Dataset records START

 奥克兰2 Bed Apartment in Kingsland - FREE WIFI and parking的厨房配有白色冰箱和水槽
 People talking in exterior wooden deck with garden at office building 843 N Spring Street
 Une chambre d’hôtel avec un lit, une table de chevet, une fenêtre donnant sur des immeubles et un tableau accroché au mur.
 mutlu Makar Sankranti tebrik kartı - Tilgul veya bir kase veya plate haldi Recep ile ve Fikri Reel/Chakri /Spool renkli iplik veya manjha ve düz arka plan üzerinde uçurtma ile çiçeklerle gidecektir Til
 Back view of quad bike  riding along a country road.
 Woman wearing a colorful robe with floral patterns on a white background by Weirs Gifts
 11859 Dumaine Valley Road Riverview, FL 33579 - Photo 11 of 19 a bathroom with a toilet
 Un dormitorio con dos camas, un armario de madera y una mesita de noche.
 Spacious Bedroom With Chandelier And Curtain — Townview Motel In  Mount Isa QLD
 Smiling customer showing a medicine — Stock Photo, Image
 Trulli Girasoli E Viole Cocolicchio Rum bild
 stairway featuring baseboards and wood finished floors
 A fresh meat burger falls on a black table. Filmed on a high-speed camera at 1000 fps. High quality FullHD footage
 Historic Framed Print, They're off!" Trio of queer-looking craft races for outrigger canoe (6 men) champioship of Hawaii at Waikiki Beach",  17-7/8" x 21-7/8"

Dataset records END

### Work instructions
Filter the entries above down to the lines that contain "Photo".

### Task answer
 11859 Dumaine Valley Road Riverview, FL 33579 - Photo 11 of 19 a bathroom with a toilet
 Smiling customer showing a medicine — Stock Photo, Image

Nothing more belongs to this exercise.